What is printed must match, line for line, the records from their first line through the line containing "Beautiful hand fan", with pictures left out.

——————————

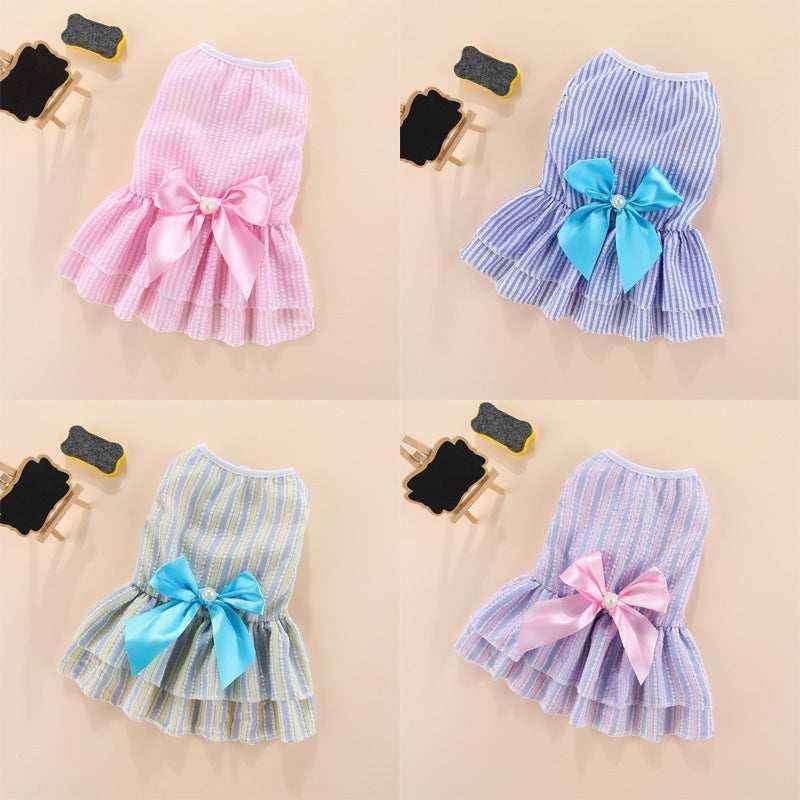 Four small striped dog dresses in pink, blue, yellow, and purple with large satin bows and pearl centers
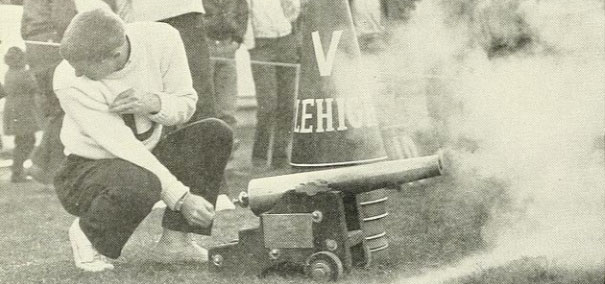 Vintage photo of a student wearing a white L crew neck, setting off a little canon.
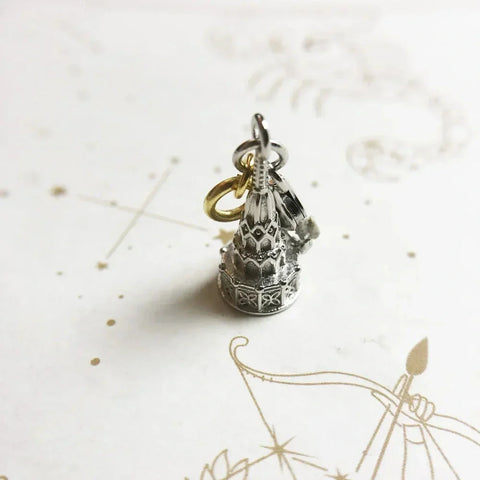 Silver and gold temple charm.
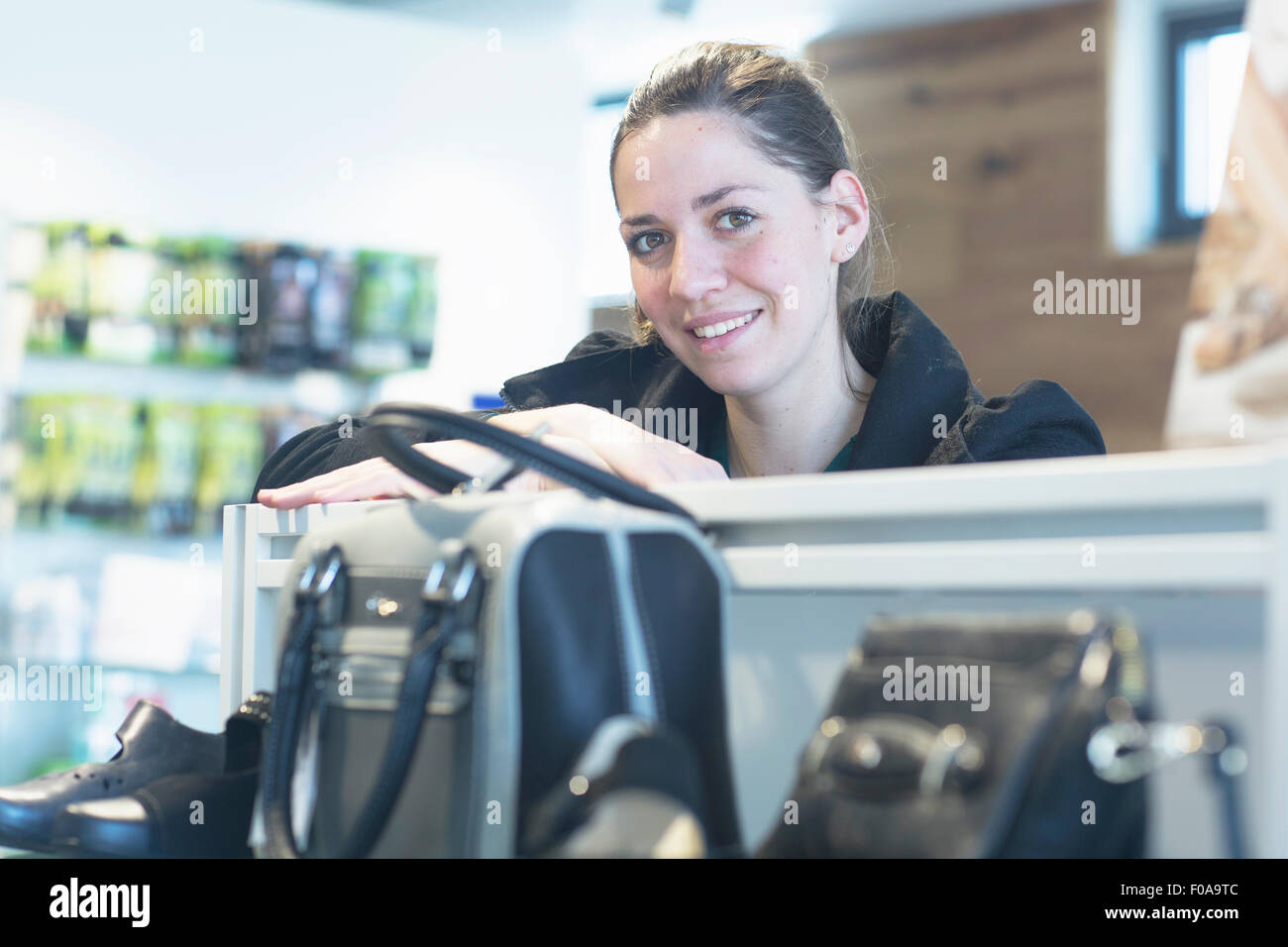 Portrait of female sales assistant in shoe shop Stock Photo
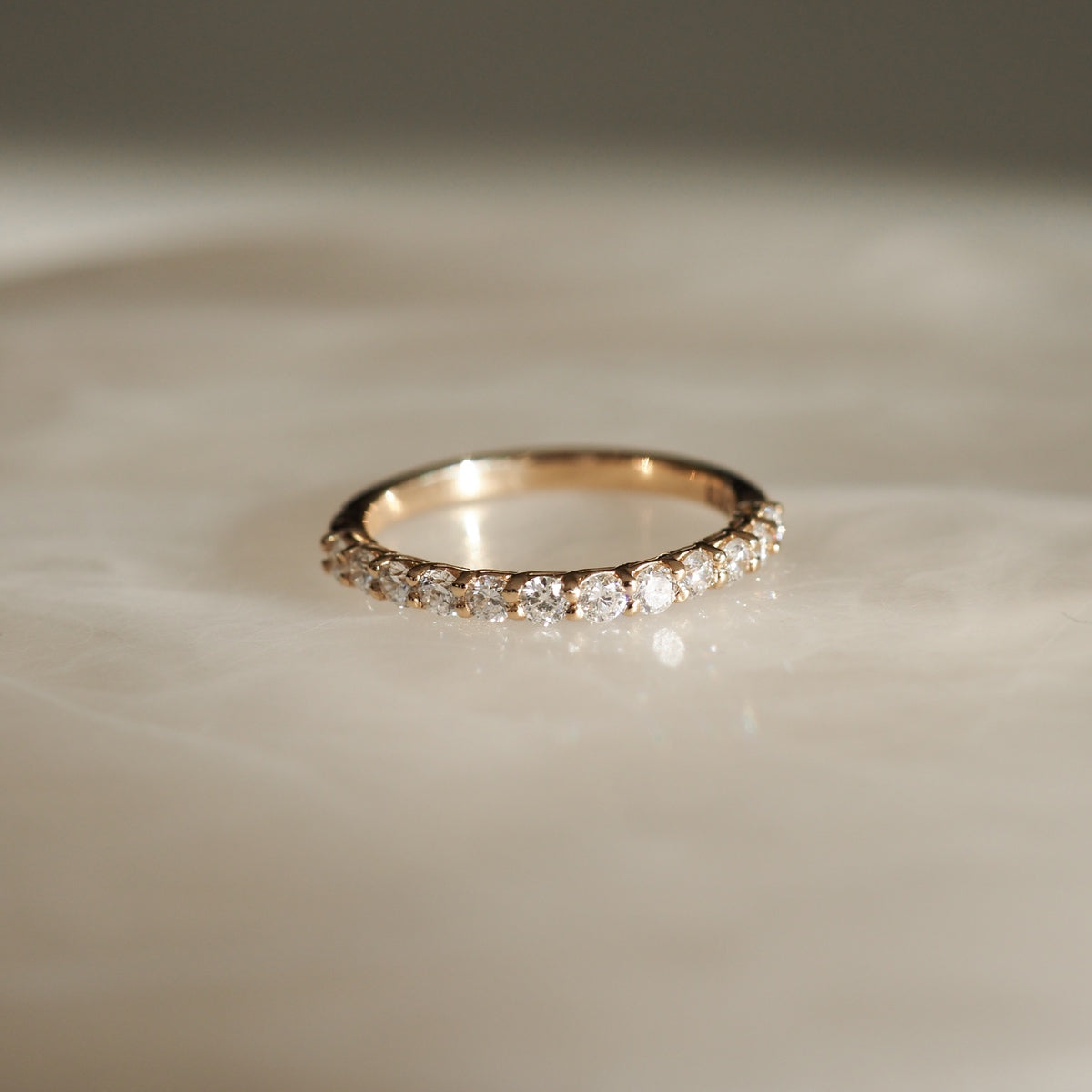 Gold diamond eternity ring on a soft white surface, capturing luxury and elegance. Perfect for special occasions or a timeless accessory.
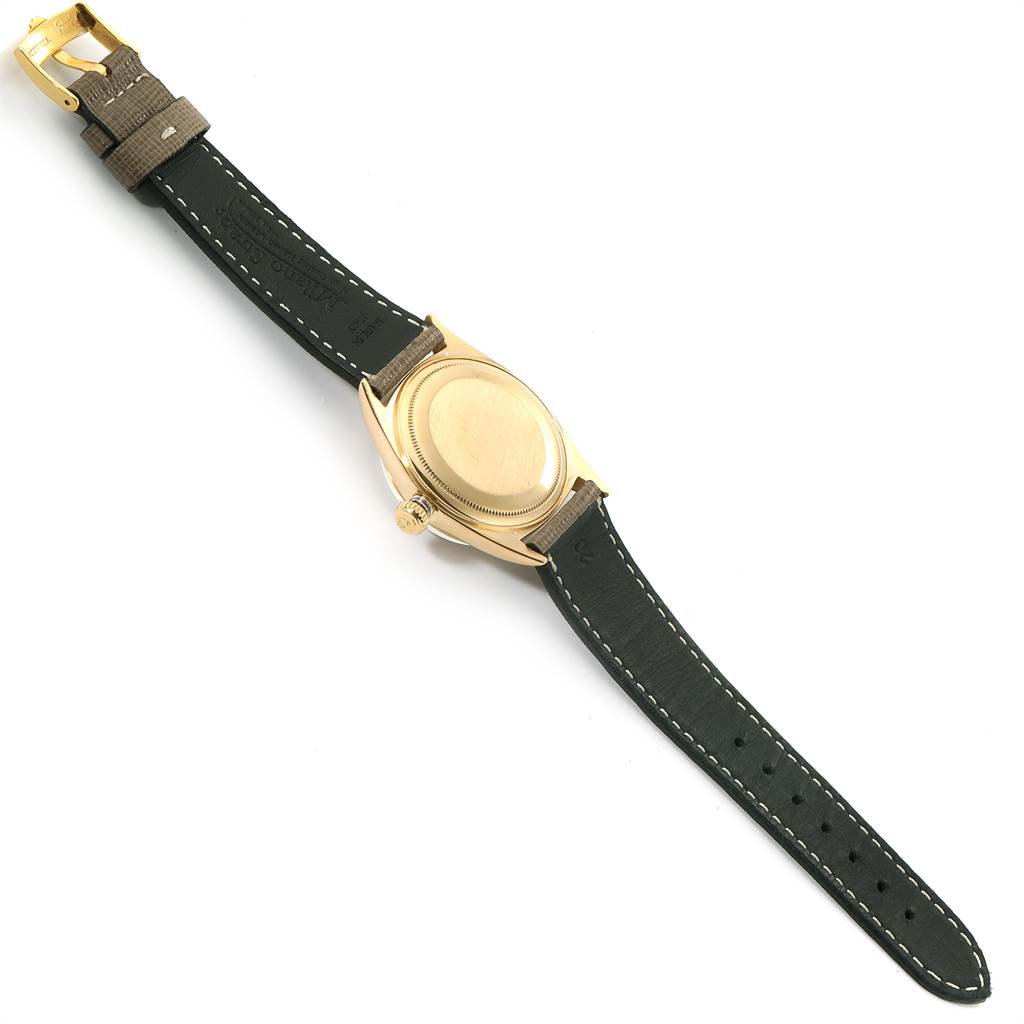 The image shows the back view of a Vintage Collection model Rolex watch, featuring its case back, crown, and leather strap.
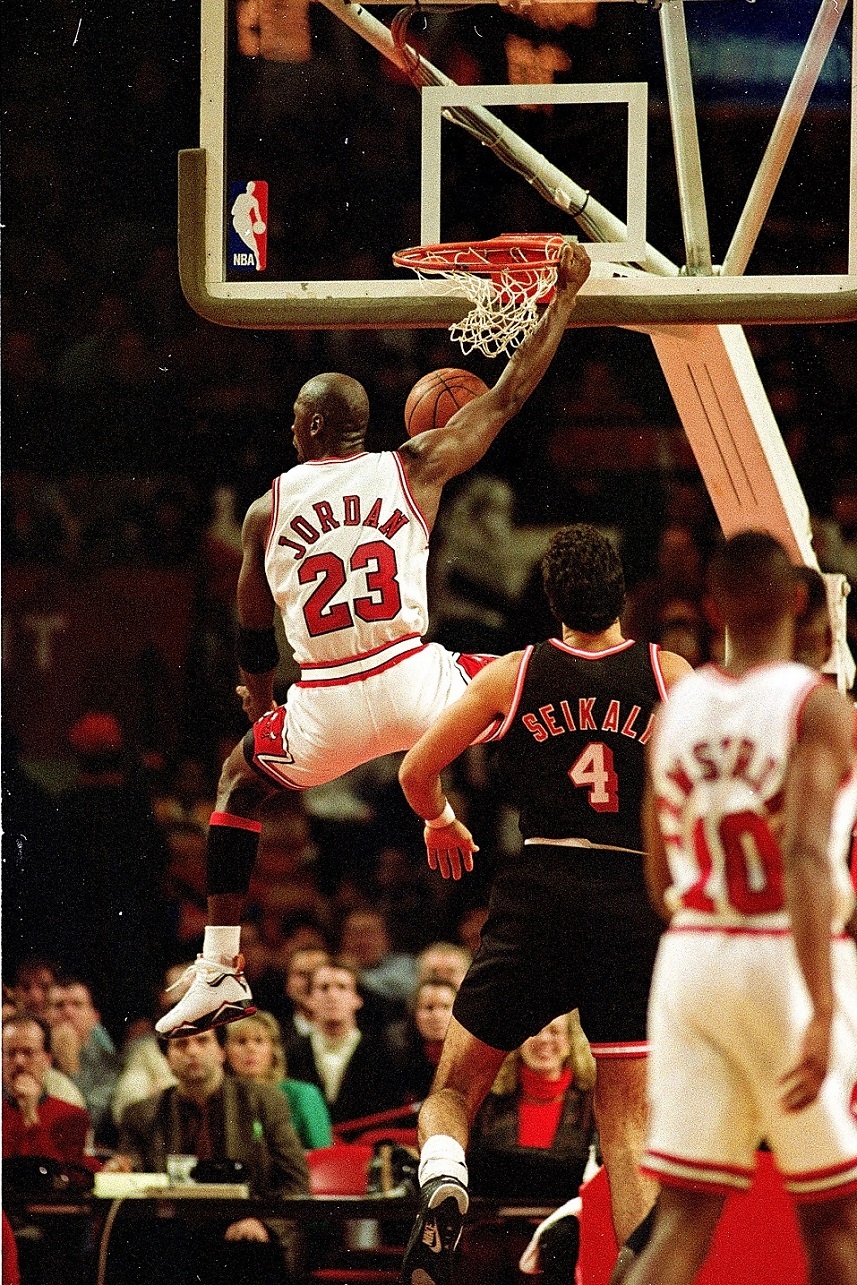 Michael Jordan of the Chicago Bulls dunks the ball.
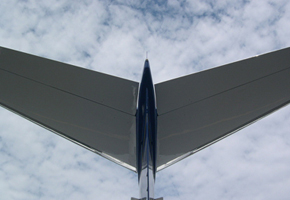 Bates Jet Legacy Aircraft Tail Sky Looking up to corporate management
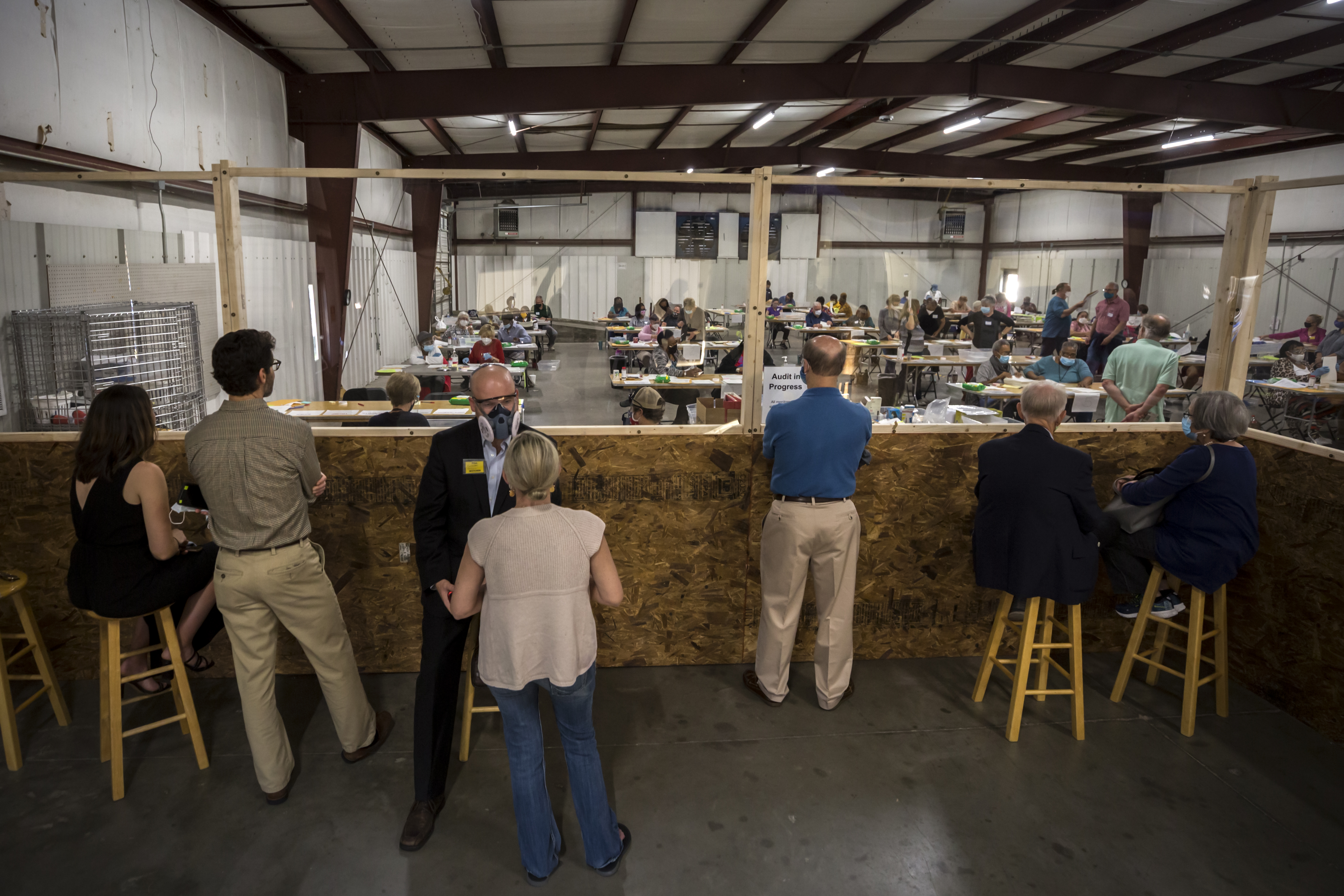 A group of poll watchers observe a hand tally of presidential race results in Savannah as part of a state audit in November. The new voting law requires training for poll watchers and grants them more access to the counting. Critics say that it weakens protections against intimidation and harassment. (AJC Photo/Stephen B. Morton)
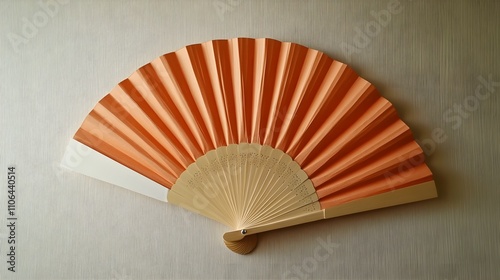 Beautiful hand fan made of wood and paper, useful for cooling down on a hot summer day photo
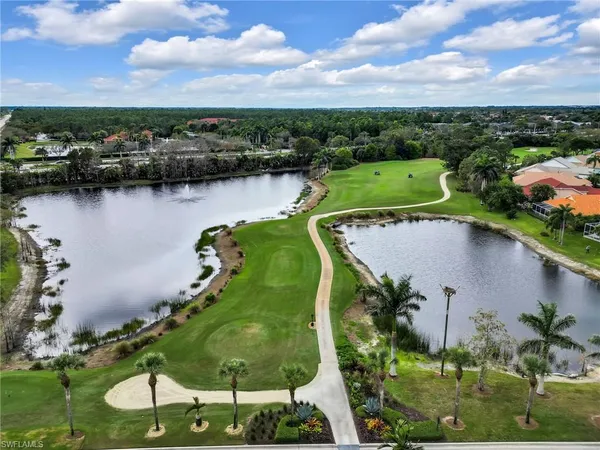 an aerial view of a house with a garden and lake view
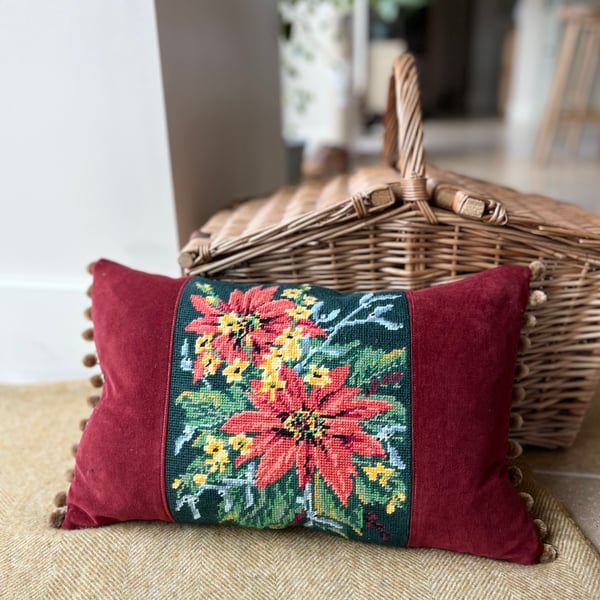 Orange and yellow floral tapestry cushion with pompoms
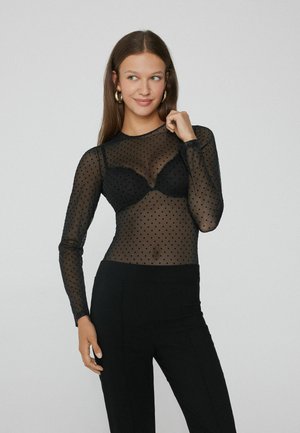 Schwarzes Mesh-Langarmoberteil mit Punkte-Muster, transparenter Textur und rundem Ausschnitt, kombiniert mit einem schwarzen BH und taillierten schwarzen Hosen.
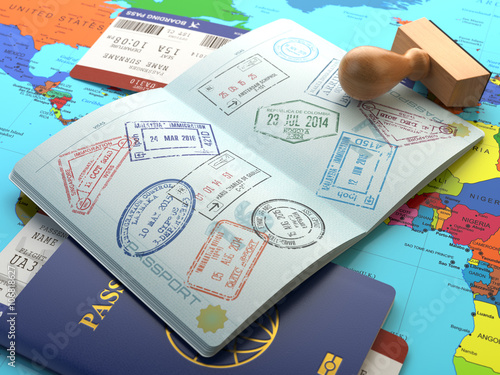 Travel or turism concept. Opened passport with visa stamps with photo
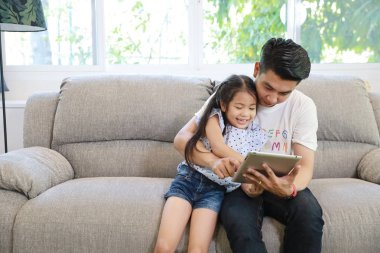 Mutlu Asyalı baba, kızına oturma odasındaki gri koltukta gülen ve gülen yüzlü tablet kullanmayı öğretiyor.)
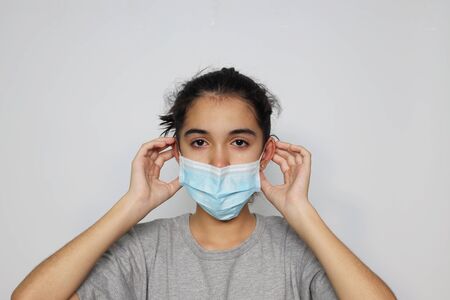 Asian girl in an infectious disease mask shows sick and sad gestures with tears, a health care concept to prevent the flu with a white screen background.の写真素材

——————————

**Response below**
 Four small striped dog dresses in pink, blue, yellow, and purple with large satin bows and pearl centers
 Vintage photo of a student wearing a white L crew neck, setting off a little canon.
 Silver and gold temple charm.
 Portrait of female sales assistant in shoe shop Stock Photo
 Gold diamond eternity ring on a soft white surface, capturing luxury and elegance. Perfect for special occasions or a timeless accessory.
 The image shows the back view of a Vintage Collection model Rolex watch, featuring its case back, crown, and leather strap.
 Michael Jordan of the Chicago Bulls dunks the ball.
 Bates Jet Legacy Aircraft Tail Sky Looking up to corporate management
 A group of poll watchers observe a hand tally of presidential race results in Savannah as part of a state audit in November. The new voting law requires training for poll watchers and grants them more access to the counting. Critics say that it weakens protections against intimidation and harassment. (AJC Photo/Stephen B. Morton)
 Beautiful hand fan made of wood and paper, useful for cooling down on a hot summer day photo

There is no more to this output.